Die Angeklagten wurden freigesprochen
Der Bundesgerichtshof stellte später in einem Urteil fest: "Gartenschläger wurde noch in aufrechter oder gebückter Haltung von drei Kugeln im Oberkörper getroffen, wobei ein Geschoss Herz, Lunge und Rückenmark durchschlug, was zum Zusammenbruch des Kreislaufs und zum Herztod führte, so dass er sofort zusammensackte."
Danach gaben die vier Posten "weitere, mehrere Sekunden dauernde Feuerstöße in Richtung des liegenden G ab, der von zahlreichen Schüssen getroffen wurde". Gartenschlägers Begleiter zogen sich auf westdeutsches Gebiet zurück, der Leichnam des DDR-Gegners wurde auf die andere Seite der innendeutschen Grenze gebracht.
Obwohl es sich um einen klaren Mord handelte, konnten weder die Schützen noch die Auftraggeber wie Karl Kleinjung nach 1990 strafrechtlich zur Verantwortung gezogen werden.
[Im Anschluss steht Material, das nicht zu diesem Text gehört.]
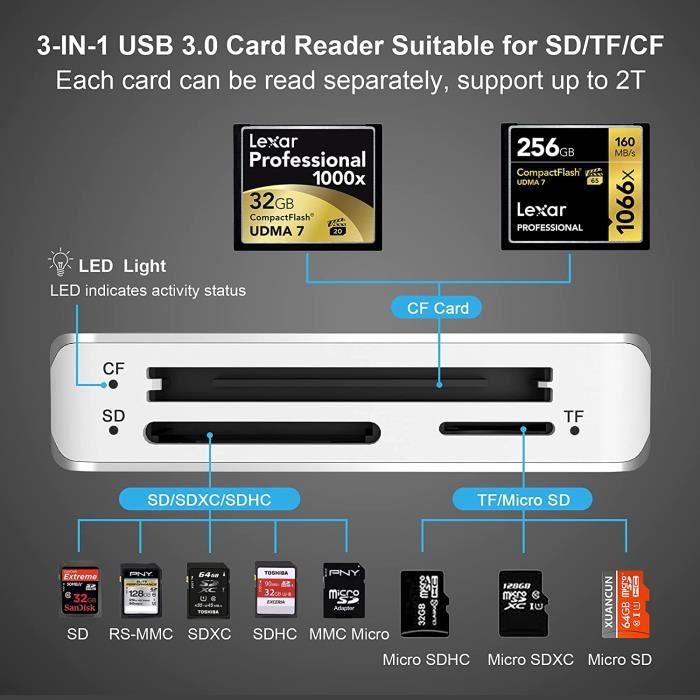Lecteur Carte SD USB 3.0 Extension Améliorée 7 IN 1 Lecteur de Carte 5Gbps  Lecture Ecriture pour Carte SD SDXC SDHC CF CFI TF XD Micro SD MS MMC UHS-I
Mehrere Instanzen konnten jedenfalls "nicht ausschließen", dass die vier Posten irrtümlich geglaubt hätten, in Notwehr zu handeln. Und Kleinjung sagte allen Ernstes aus, mit "vernichten" müsse nicht "töten" gemeint gewesen sein. Weil die Richter das Gegenteil nicht beweisen konnten, wurden alle Angeklagten freigesprochen – teilweise aus Mangel an Beweisen für die Anklage, teilweise wegen Verjährung.
Marita Pagels-Heineking, die Landesbeauftragte für die Stasi-Unterlagen in Mecklenburg-Vorpommern, hält die Geschichte von Michael Gartenschläger auch nach fast 37 Jahren für brandaktuell. "Nicht wegzuschauen, wenn Unrecht geschieht, wenn die Freiheit bedroht ist – das können wir von Michael Gartenschläger lernen", meint sie. Jugendliche könnten Geschichte besser verstehen, wenn sie sich mit Biografien wie der von Gartenschläger auseinandersetzten.